Divorce can make buying or selling a home difficult. Recent federal regulations affecting mortgage lending makes navigating the mortgage process even more difficult. That’s why we partnered with a mortgage expert who is also passionate about helping divorced or divorcing couples – Brent Leschinsky from Venture Bank.
Brent has been a mortgage loan officer for 14 years and over the past few years has really focused on divorce. He was featured on WCCO’s Real Estate Radio Hour to discuss common mistakes divorcing couple make.
We had a great discussion about mortgage lending at our September 14th meeting. Here are some highlights:
Question: What’s one of the most important factors in getting a mortgage?

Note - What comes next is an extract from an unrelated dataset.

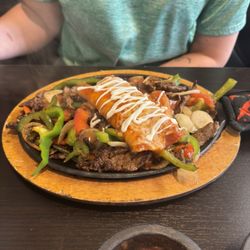 Panchos Tacos - Fajita and enchilada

Answer: Well, there are many. Your credit score is one. Another important factor is your debt-to-income ratio (all debt payments / gross income). If that ratio is below 40%, that’s good. If it’s not, don’t worry too much as there may be federal home lending programs in which you may quality.
Question: What if I pay spousal maintenance and child support?
Answer: Both spousal maintenance and child support are like a loan payment and they would be included in your debt to income ratio.
Question: I am signing a Quit Claim deed. Does that take me off the loan for the house?
Answer: No, it does not take you off loan for the house, it takes you off the property title. It basically is a document that says you no longer have any ownership interest in the property, but the bank can still collect from you if payments are delinquent. Having your ex-spouse refinance the loan in her name only is the most common way to get your name off the loan.
Question: My wife collects child support and or spousal maintenance from me. Would she qualify for a loan to buy or refinance a home?
Answer: Maybe. The bank focuses on a principal called “ability to repay”. The ability to repay mean that the income sources are not only sufficient to repay all debt, but also that source of income will be available for at least three years after the mortgage loan is opened. So if you are structuring your spousal maintenance, make sure you consider the duration of spousal maintenance so your spouse can include that amount in her income.
These are just some of the questions and a small part of the answers Brett provided at our meeting. To learn more about mortgages, feel free to call Brett at 612.590.7896. And even better yet, come to a meeting to get your specific questions answered, connecting with like-minded men and hear ALL of the answers to the questions.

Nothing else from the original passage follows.